→ WORK TO BE COMPLETED
Look through the listing below for the line containing "istock Catedral de". Copy it and each line after it up to and including the line containing "Trucker Hat || Made in the USA || Camo", exactly, leaving out pictures.

→ TASK INPUTS
== Segment start ==

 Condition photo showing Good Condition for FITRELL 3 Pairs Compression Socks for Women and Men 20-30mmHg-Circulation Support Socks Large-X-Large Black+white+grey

== Segment end ==
== Segment start ==

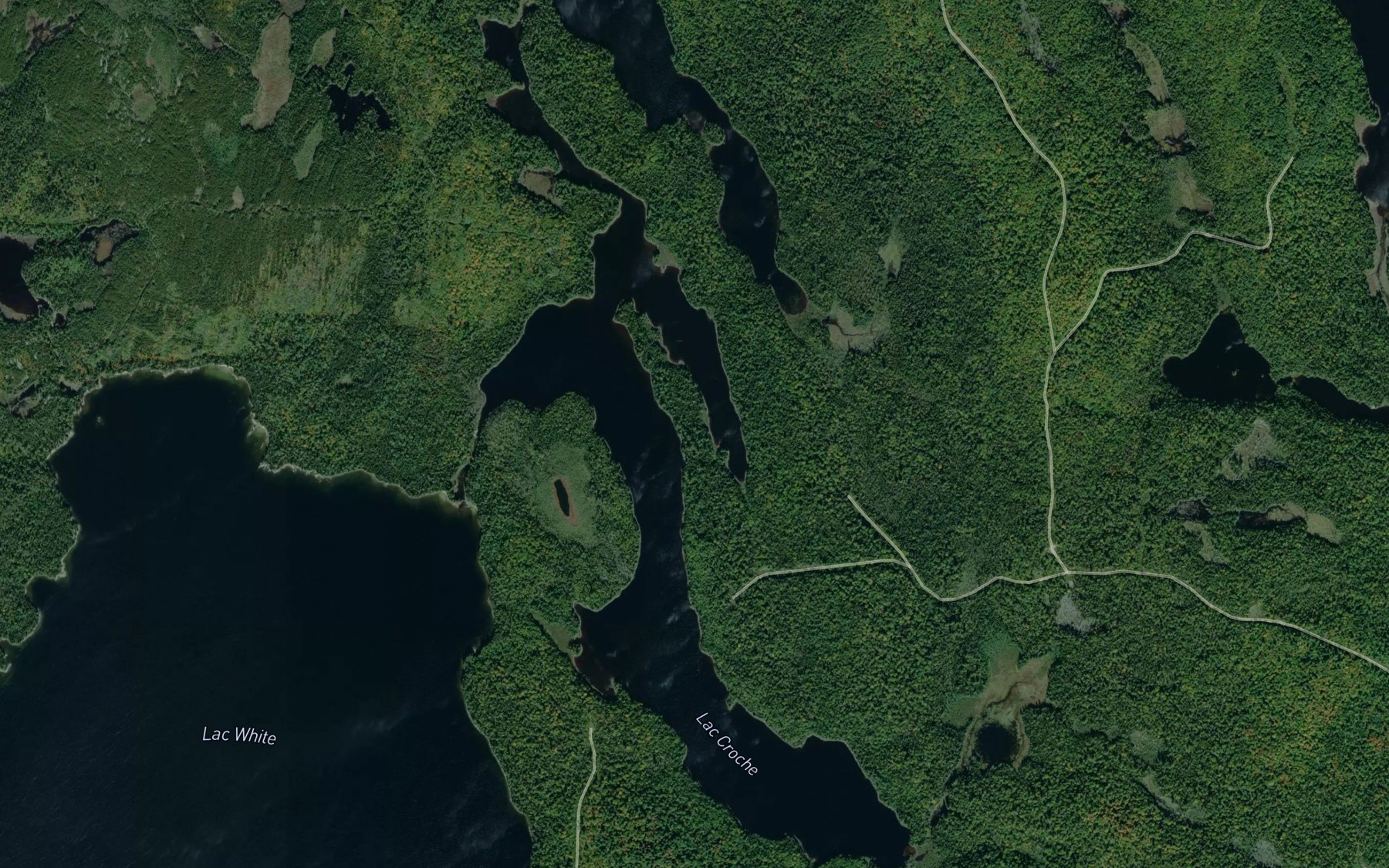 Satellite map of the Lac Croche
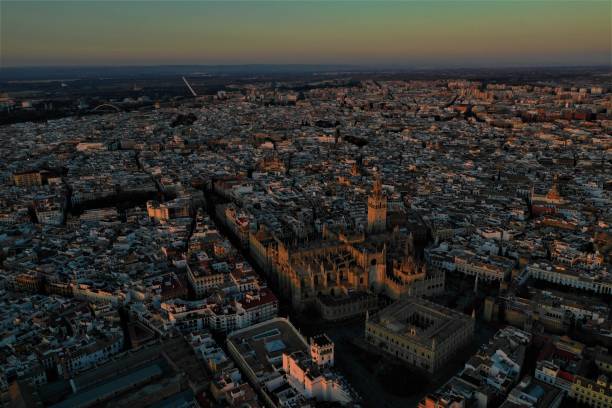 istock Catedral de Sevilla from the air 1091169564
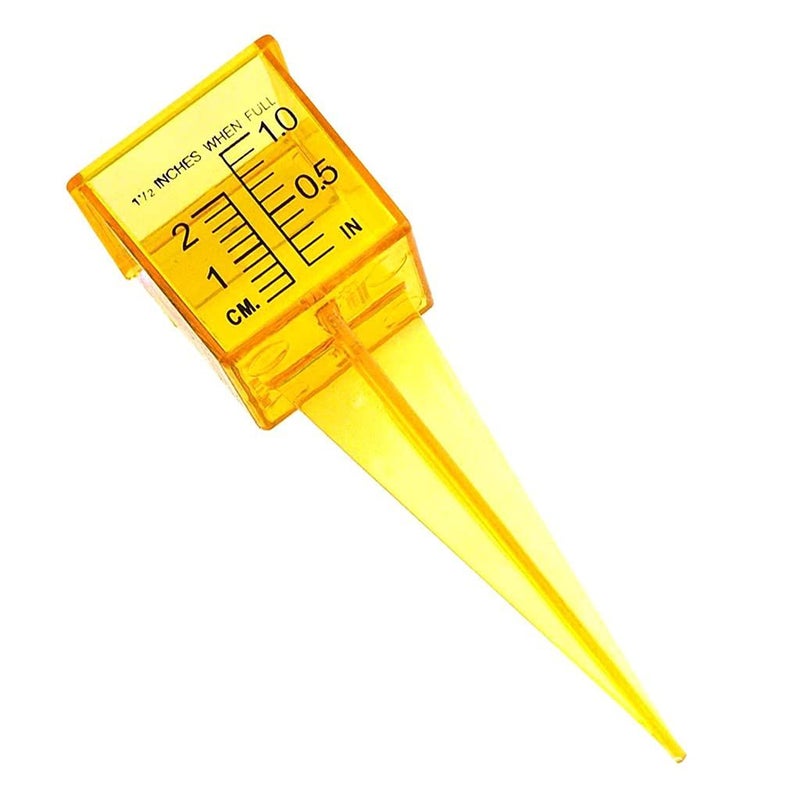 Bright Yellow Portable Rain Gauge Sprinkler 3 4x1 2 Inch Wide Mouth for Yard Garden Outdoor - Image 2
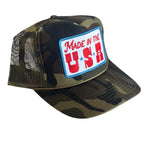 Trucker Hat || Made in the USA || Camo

== Segment end ==

→ YOUR SOLUTION
 istock Catedral de Sevilla from the air 1091169564
 Bright Yellow Portable Rain Gauge Sprinkler 3 4x1 2 Inch Wide Mouth for Yard Garden Outdoor - Image 2
 Trucker Hat || Made in the USA || Camo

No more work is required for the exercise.